Berkaitan dengan konsep tauhid, mesti dipahami bahwa Islam sangat memperhitungkan: adanya tujuan dalam penciptaan makhluk, dan sekaligus memerdekakan dan membebaskan manusia dari perbudakan dan penghambaan pada berbagai kekuatan di luar Tuhan. Oleh karena itu, demi tegaknya pandangan ini maka diperlukan pengabdian sepenuhnya pada Tuhan dan hal tersebut berarti menolak setiap jenis kekuasaan intelektual, budaya, politik, ekonomi, dll, yang merendahkan manusia (Mowlana, 1994).

Kini, semakin jelas bahwa aktivisme politik yang berangkat dari prinsip-prinsip tauhid adalah aktivisme penuh kepedulian bagi reformasi sosial untuk mengangkat martabat manusia pada tempat yang paling layak. Penghargaan sepenuh hati, pengakuan kedaulatan dan melawan setiap jenis usaha untuk merendahkannya.

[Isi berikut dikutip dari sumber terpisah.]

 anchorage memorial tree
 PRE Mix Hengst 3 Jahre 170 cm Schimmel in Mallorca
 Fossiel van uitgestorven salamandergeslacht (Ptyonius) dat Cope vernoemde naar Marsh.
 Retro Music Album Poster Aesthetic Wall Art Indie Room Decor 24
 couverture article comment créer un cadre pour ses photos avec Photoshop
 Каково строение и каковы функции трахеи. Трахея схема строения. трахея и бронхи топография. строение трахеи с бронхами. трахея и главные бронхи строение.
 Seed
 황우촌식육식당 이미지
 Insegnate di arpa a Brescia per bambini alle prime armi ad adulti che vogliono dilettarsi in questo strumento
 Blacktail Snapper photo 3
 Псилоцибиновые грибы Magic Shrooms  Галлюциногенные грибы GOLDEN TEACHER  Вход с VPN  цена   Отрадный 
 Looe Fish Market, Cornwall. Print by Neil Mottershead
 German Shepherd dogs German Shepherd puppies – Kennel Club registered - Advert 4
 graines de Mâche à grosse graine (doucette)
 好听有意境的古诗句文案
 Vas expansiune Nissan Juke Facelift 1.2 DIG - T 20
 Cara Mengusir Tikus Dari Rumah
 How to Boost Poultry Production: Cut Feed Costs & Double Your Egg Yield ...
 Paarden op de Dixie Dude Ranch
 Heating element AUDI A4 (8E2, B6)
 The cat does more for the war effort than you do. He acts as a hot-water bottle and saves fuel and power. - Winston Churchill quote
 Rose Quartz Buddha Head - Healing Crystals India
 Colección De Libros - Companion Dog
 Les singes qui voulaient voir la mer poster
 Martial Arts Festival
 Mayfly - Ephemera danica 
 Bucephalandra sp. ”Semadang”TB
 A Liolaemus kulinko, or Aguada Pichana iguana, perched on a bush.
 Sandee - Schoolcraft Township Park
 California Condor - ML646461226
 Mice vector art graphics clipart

Inilah refleksi terdalam yang mesti menjadi bahan renungan bersama. Para pejabat publik, akademisi, politisi, profesional, intelektual, dll, yang memiliki gairah bagi reformasi sosial patut untuk mengembangkan world view yang jelas bagaimana Islam sebagai keyakinan memiliki potensi, bahkan aktual, untuk tujuan-tujuan perubahan. Pelajaran yang berharga adalah, kita meyakini bahwa Islam bukan semata sebagai sumber etika, namun juga sumber world view, sekaligus ideologi bagi gerakan sosial.